» PROBLEM STATEMENT:
Go through the records and restate them word for word, omitting images.

☆ ☆ ☆

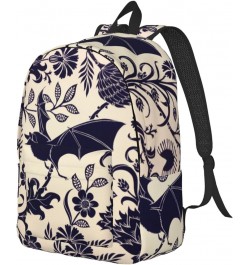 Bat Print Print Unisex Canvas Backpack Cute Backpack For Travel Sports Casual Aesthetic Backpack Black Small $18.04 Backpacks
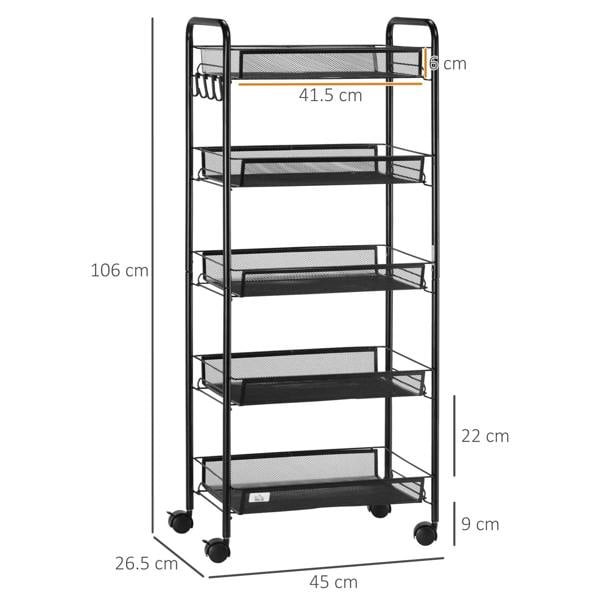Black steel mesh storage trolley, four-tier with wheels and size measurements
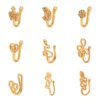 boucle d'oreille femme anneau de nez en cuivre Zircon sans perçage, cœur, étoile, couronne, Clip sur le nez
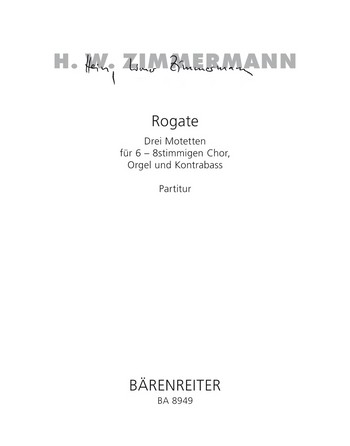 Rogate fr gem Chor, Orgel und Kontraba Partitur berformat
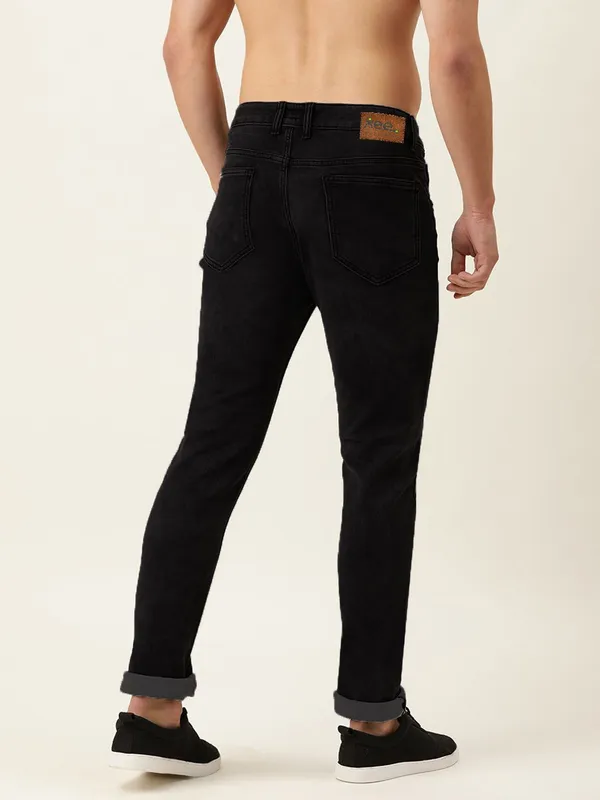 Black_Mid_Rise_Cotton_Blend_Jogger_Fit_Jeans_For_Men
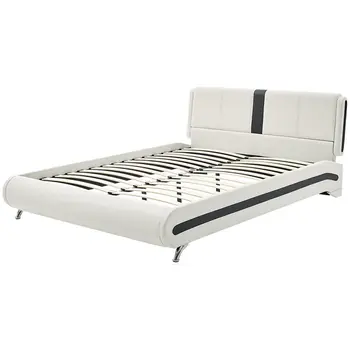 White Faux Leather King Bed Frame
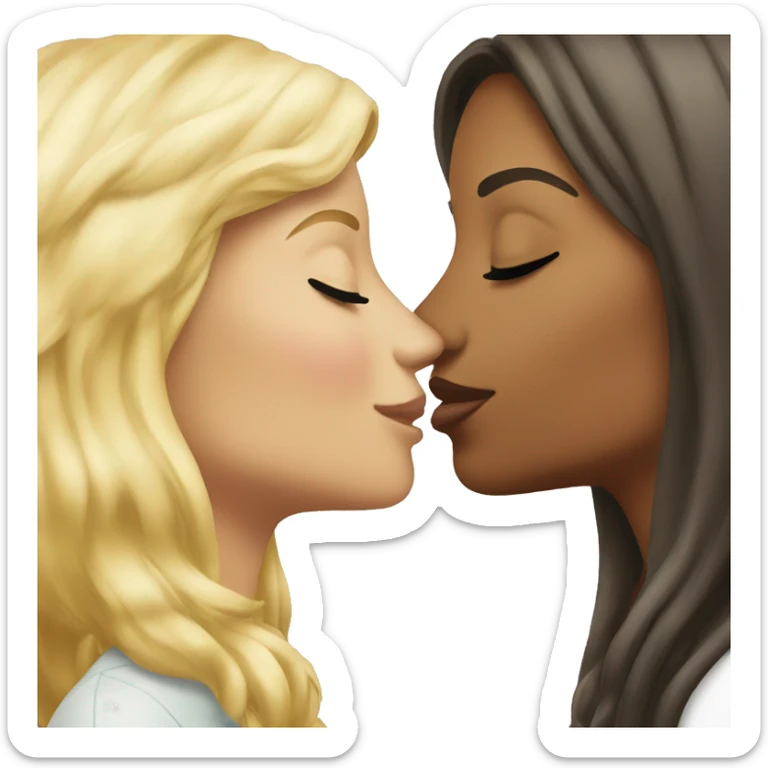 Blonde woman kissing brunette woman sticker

☆ ☆ ☆

» RESULT BELOW:
 Bat Print Print Unisex Canvas Backpack Cute Backpack For Travel Sports Casual Aesthetic Backpack Black Small $18.04 Backpacks
Black steel mesh storage trolley, four-tier with wheels and size measurements
 boucle d'oreille femme anneau de nez en cuivre Zircon sans perçage, cœur, étoile, couronne, Clip sur le nez
 Rogate fr gem Chor, Orgel und Kontraba Partitur berformat
 Black_Mid_Rise_Cotton_Blend_Jogger_Fit_Jeans_For_Men
 White Faux Leather King Bed Frame
 Blonde woman kissing brunette woman sticker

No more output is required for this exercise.